--- PROBLEM TO SOLVE ---
Would you reproduce exactly the lines below from the one holding "Lilyum Alaçatı Butik Otel - Image 12" through the one holding "14 Cedar St, Skowhegan, ME", inclusive, and no others?

----

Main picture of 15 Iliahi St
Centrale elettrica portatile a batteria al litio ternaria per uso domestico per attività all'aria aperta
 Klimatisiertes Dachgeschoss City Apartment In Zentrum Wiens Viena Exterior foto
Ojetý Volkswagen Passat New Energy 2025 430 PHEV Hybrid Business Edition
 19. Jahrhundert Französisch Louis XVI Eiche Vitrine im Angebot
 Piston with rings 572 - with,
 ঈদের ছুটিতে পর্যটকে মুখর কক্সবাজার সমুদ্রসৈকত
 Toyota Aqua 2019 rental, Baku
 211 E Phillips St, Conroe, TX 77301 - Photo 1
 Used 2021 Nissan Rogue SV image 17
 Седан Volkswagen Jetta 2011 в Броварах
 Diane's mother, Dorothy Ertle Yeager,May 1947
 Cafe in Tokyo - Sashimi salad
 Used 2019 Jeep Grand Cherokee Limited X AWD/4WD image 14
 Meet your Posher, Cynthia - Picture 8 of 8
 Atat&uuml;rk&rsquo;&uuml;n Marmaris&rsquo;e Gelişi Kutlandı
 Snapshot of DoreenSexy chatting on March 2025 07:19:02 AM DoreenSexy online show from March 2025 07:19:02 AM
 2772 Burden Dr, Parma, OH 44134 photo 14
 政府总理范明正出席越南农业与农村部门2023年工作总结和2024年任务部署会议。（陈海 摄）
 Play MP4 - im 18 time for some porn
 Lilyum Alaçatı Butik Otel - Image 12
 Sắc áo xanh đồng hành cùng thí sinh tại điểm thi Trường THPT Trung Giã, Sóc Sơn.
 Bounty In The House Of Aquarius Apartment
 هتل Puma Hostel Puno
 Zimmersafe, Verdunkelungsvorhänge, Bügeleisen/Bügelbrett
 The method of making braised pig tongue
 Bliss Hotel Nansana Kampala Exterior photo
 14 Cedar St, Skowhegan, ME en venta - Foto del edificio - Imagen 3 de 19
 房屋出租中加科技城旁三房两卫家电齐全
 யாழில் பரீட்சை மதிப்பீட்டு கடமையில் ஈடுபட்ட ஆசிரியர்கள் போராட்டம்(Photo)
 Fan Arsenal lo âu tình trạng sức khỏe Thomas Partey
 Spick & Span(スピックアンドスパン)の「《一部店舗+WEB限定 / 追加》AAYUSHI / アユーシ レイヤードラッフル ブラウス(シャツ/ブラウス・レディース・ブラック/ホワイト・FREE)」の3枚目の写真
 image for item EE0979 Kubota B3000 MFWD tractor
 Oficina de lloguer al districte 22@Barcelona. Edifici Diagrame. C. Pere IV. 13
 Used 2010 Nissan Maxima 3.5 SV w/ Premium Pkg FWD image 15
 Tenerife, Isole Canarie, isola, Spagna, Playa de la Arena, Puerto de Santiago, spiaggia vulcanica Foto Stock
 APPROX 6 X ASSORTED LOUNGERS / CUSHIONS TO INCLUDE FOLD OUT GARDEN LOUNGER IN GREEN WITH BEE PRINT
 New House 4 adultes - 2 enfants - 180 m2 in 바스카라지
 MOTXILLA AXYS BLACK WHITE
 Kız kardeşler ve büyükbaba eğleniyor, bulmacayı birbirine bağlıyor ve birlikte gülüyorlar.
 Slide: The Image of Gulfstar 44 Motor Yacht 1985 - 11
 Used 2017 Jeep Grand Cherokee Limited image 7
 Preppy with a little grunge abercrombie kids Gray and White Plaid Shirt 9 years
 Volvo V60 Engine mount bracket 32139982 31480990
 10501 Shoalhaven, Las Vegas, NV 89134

----

--- ANSWER SECTION ---
 Lilyum Alaçatı Butik Otel - Image 12
 Sắc áo xanh đồng hành cùng thí sinh tại điểm thi Trường THPT Trung Giã, Sóc Sơn.
 Bounty In The House Of Aquarius Apartment
 هتل Puma Hostel Puno
 Zimmersafe, Verdunkelungsvorhänge, Bügeleisen/Bügelbrett
 The method of making braised pig tongue
 Bliss Hotel Nansana Kampala Exterior photo
 14 Cedar St, Skowhegan, ME en venta - Foto del edificio - Imagen 3 de 19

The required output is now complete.